Start of Source records
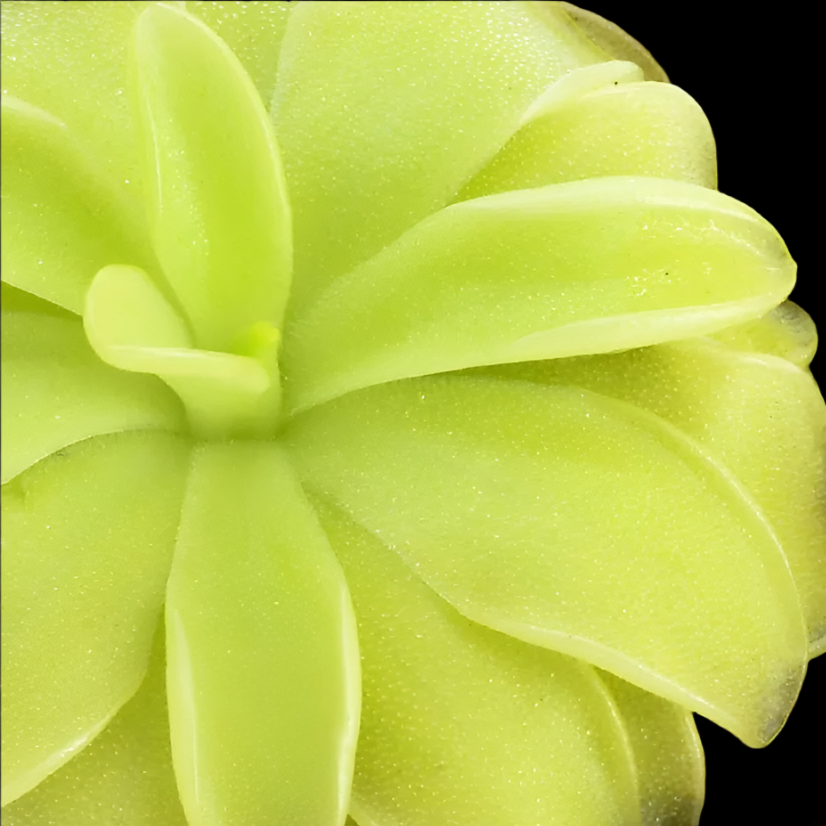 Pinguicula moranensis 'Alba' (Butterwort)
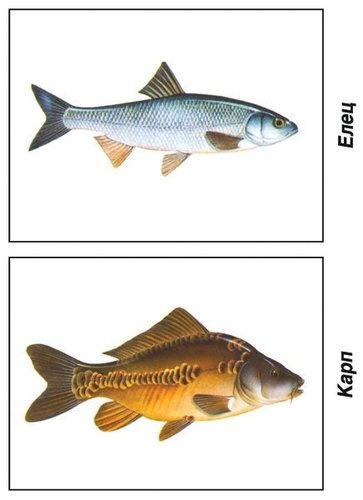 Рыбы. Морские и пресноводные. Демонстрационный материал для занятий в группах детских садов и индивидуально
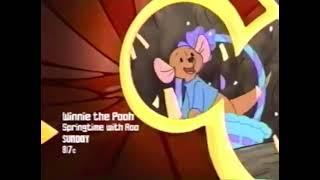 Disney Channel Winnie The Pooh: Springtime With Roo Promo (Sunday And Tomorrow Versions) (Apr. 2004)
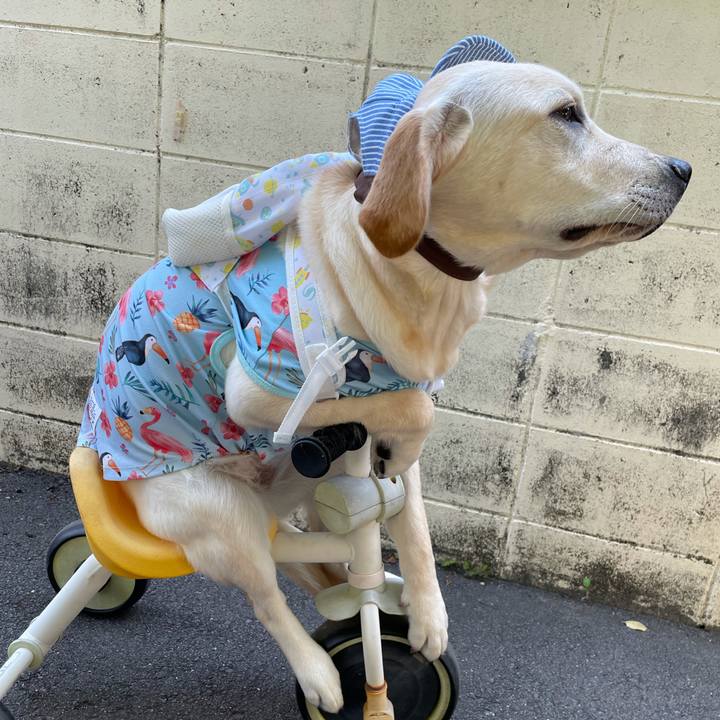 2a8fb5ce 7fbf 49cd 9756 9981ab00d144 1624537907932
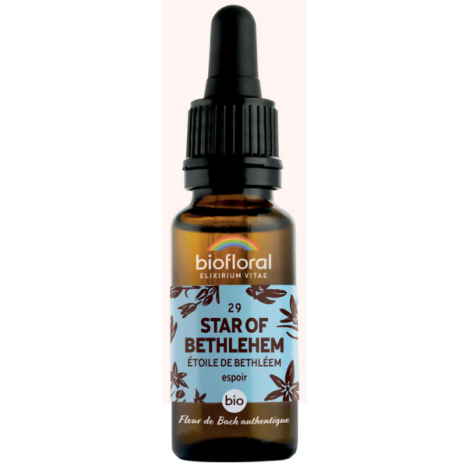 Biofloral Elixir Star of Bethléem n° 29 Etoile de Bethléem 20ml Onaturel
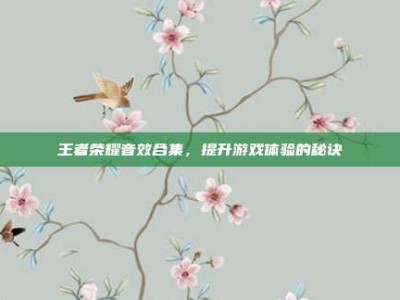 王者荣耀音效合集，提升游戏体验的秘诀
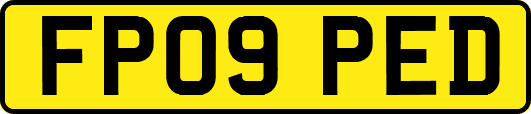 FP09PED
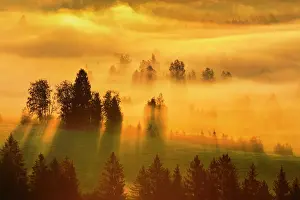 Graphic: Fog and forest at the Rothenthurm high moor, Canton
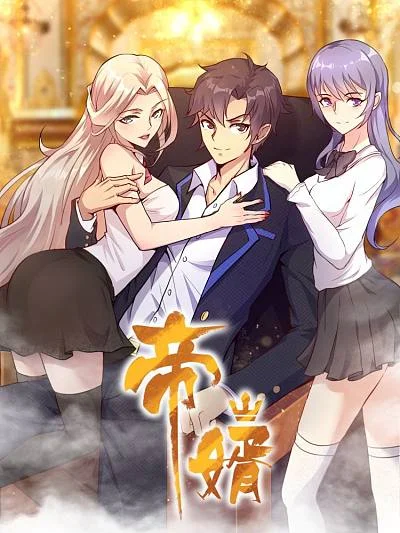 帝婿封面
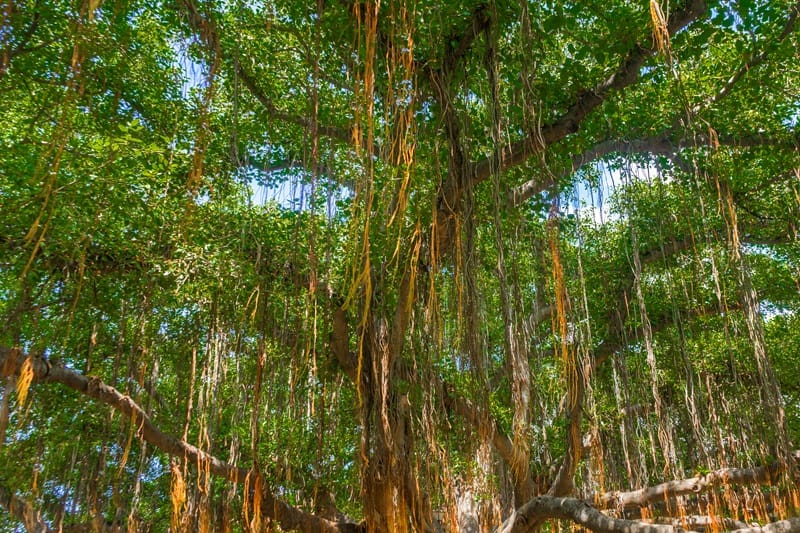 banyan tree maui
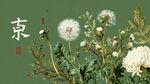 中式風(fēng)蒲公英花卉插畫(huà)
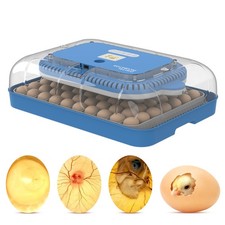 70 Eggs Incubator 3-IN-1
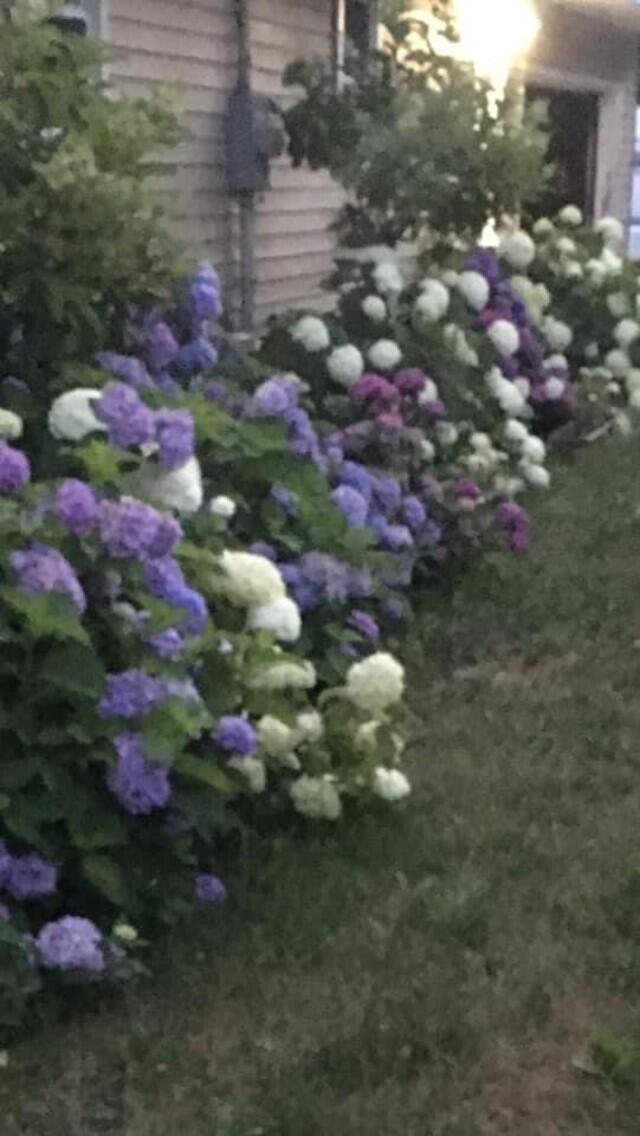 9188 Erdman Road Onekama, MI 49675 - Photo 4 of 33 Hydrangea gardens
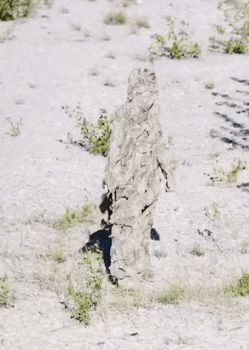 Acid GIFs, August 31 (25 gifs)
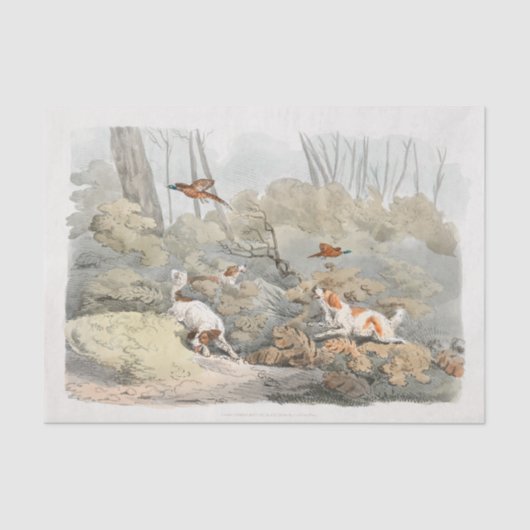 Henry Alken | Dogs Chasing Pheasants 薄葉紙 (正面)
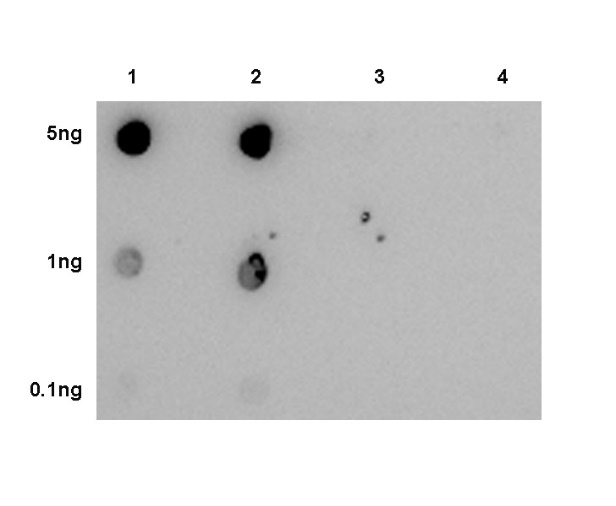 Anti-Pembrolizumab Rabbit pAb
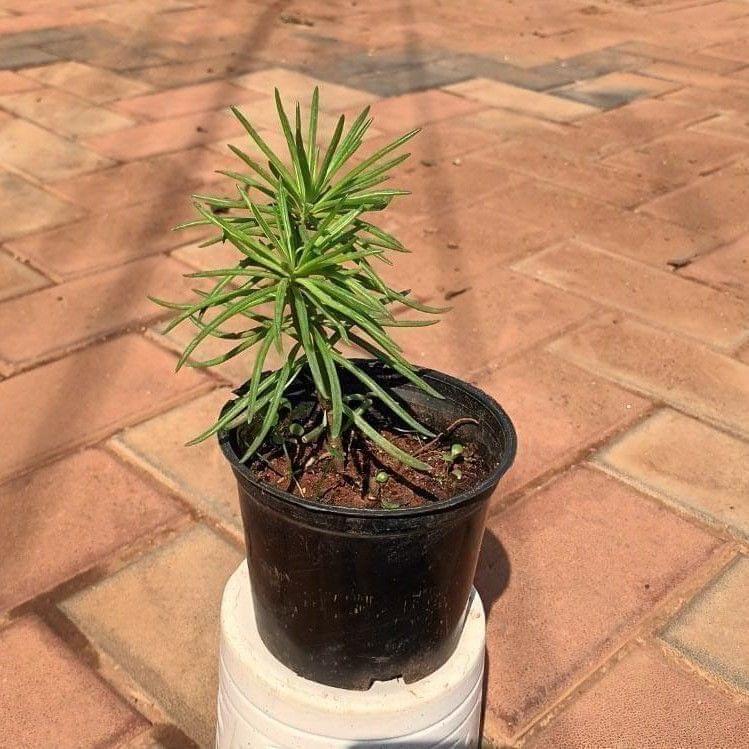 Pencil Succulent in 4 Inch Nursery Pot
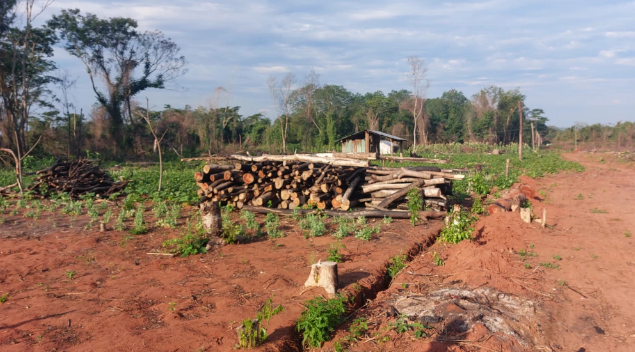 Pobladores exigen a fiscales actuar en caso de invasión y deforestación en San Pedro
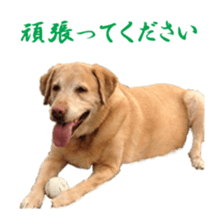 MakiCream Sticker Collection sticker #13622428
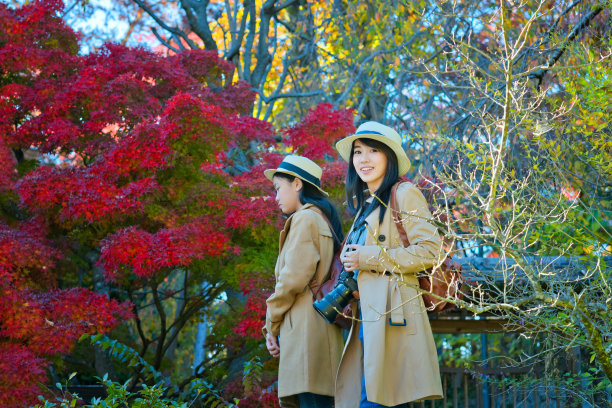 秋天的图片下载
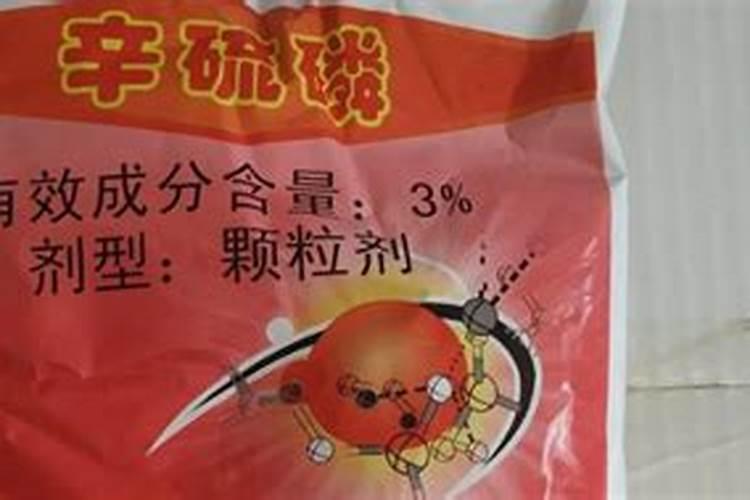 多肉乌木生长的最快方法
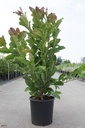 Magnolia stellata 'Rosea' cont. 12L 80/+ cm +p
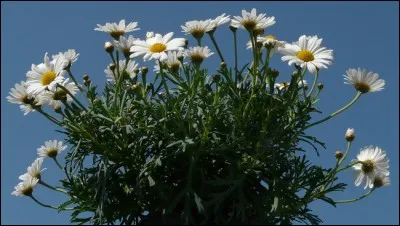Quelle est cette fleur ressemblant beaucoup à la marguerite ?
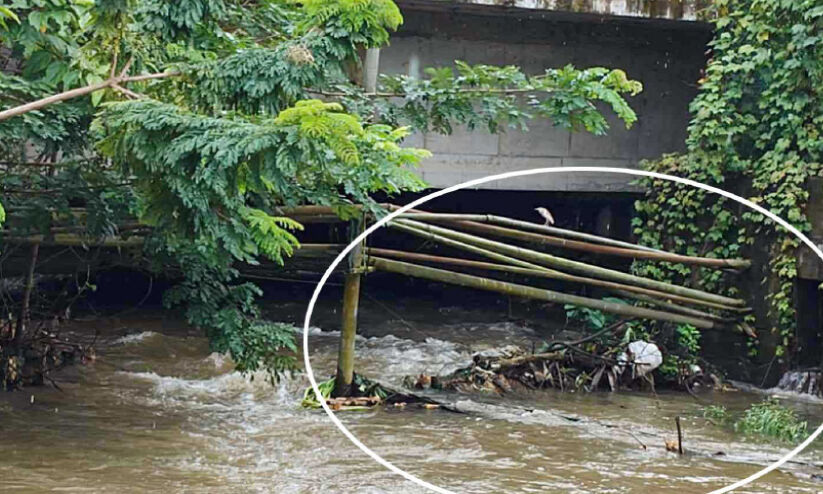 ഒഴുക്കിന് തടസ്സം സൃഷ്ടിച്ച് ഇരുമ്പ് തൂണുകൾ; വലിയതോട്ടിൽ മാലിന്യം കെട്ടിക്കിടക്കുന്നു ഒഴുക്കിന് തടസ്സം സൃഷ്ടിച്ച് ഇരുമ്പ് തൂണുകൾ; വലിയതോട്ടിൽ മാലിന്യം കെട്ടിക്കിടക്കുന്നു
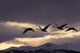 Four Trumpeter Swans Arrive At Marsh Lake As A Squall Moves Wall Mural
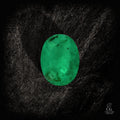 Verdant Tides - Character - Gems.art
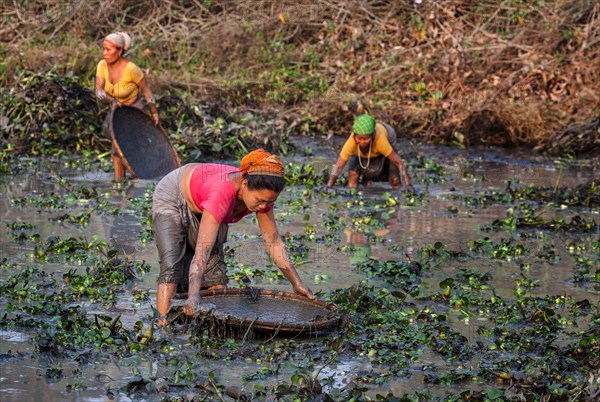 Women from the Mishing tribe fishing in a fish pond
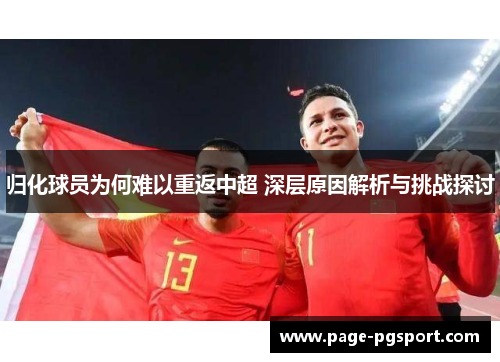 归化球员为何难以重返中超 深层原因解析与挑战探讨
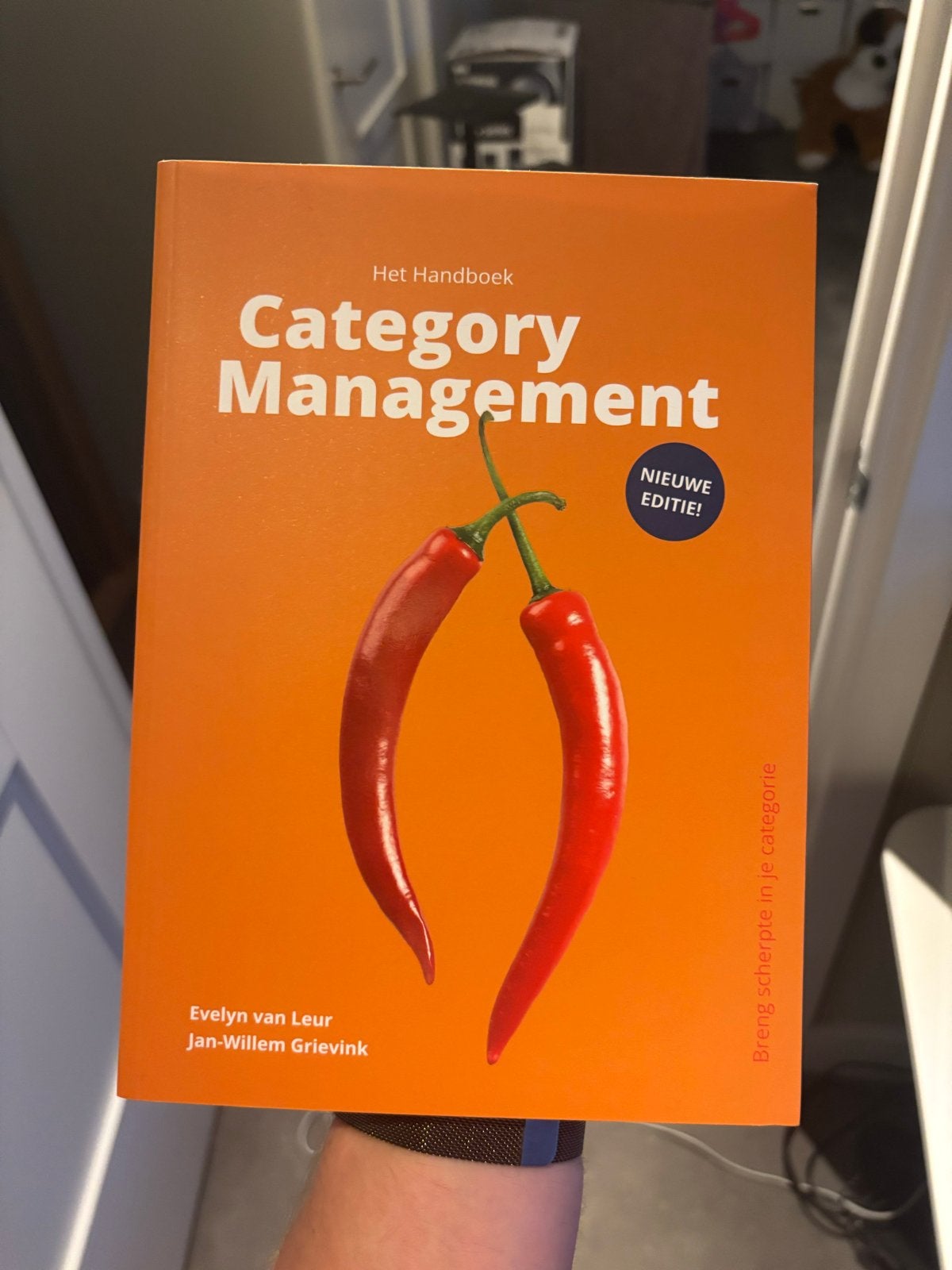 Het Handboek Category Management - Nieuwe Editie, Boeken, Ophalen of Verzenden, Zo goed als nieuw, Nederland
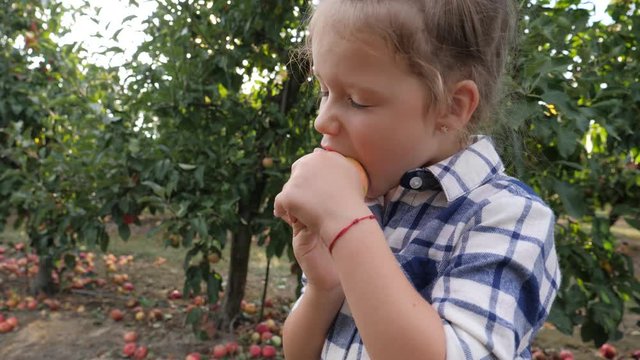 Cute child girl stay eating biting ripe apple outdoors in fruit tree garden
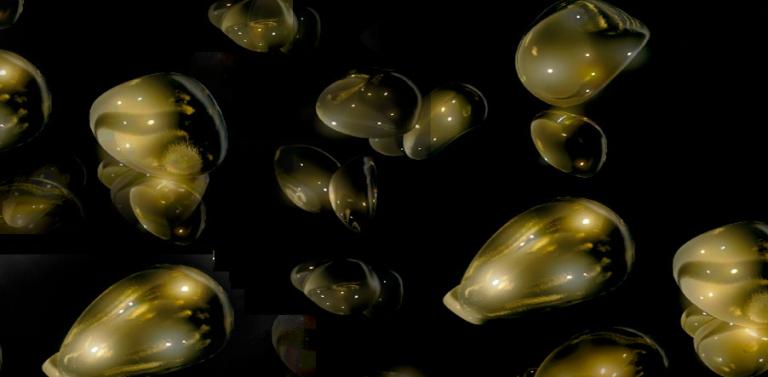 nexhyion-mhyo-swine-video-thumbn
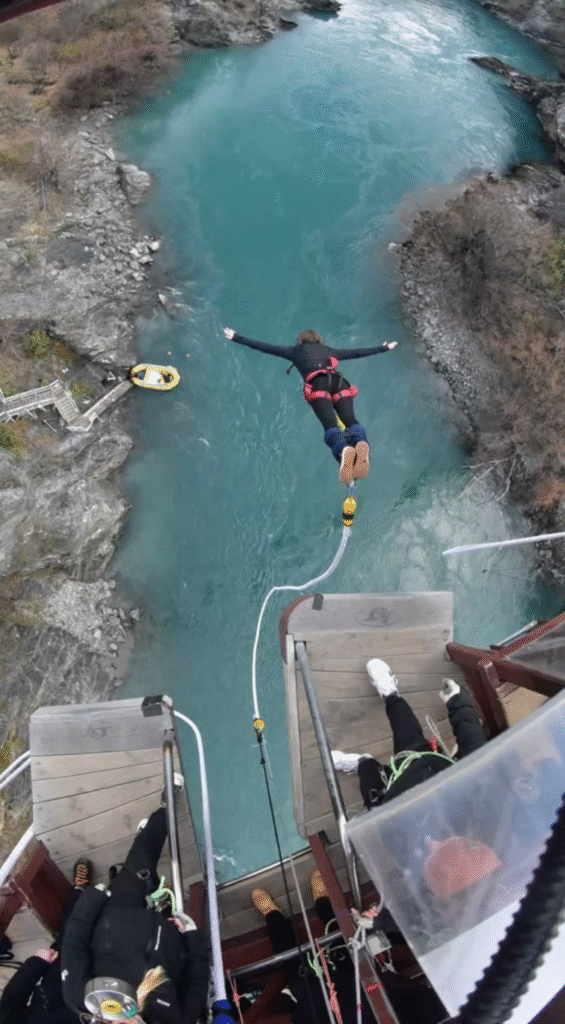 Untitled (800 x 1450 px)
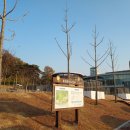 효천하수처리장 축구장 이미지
End of Source records
Output the records above exactly as written, but leave out the pictures.

 Pinguicula moranensis 'Alba' (Butterwort)
 Рыбы. Морские и пресноводные. Демонстрационный материал для занятий в группах детских садов и индивидуально
 Disney Channel Winnie The Pooh: Springtime With Roo Promo (Sunday And Tomorrow Versions) (Apr. 2004)
 2a8fb5ce 7fbf 49cd 9756 9981ab00d144 1624537907932
 Biofloral Elixir Star of Bethléem n° 29 Etoile de Bethléem 20ml Onaturel
 王者荣耀音效合集，提升游戏体验的秘诀
 FP09PED
 Graphic: Fog and forest at the Rothenthurm high moor, Canton
 帝婿封面
 banyan tree maui
 中式風(fēng)蒲公英花卉插畫(huà)
 70 Eggs Incubator 3-IN-1
 9188 Erdman Road Onekama, MI 49675 - Photo 4 of 33 Hydrangea gardens
 Acid GIFs, August 31 (25 gifs)
 Henry Alken | Dogs Chasing Pheasants 薄葉紙 (正面)
 Anti-Pembrolizumab Rabbit pAb
 Pencil Succulent in 4 Inch Nursery Pot
 Pobladores exigen a fiscales actuar en caso de invasión y deforestación en San Pedro
 MakiCream Sticker Collection sticker #13622428
 秋天的图片下载
 多肉乌木生长的最快方法
 Magnolia stellata 'Rosea' cont. 12L 80/+ cm +p
Quelle est cette fleur ressemblant beaucoup à la marguerite ?
 ഒഴുക്കിന് തടസ്സം സൃഷ്ടിച്ച് ഇരുമ്പ് തൂണുകൾ; വലിയതോട്ടിൽ മാലിന്യം കെട്ടിക്കിടക്കുന്നു ഒഴുക്കിന് തടസ്സം സൃഷ്ടിച്ച് ഇരുമ്പ് തൂണുകൾ; വലിയതോട്ടിൽ മാലിന്യം കെട്ടിക്കിടക്കുന്നു
 Four Trumpeter Swans Arrive At Marsh Lake As A Squall Moves Wall Mural
 Verdant Tides - Character - Gems.art
 Women from the Mishing tribe fishing in a fish pond
 归化球员为何难以重返中超 深层原因解析与挑战探讨
 Het Handboek Category Management - Nieuwe Editie, Boeken, Ophalen of Verzenden, Zo goed als nieuw, Nederland
 Cute child girl stay eating biting ripe apple outdoors in fruit tree garden
 nexhyion-mhyo-swine-video-thumbn
 Untitled (800 x 1450 px)
 효천하수처리장 축구장 이미지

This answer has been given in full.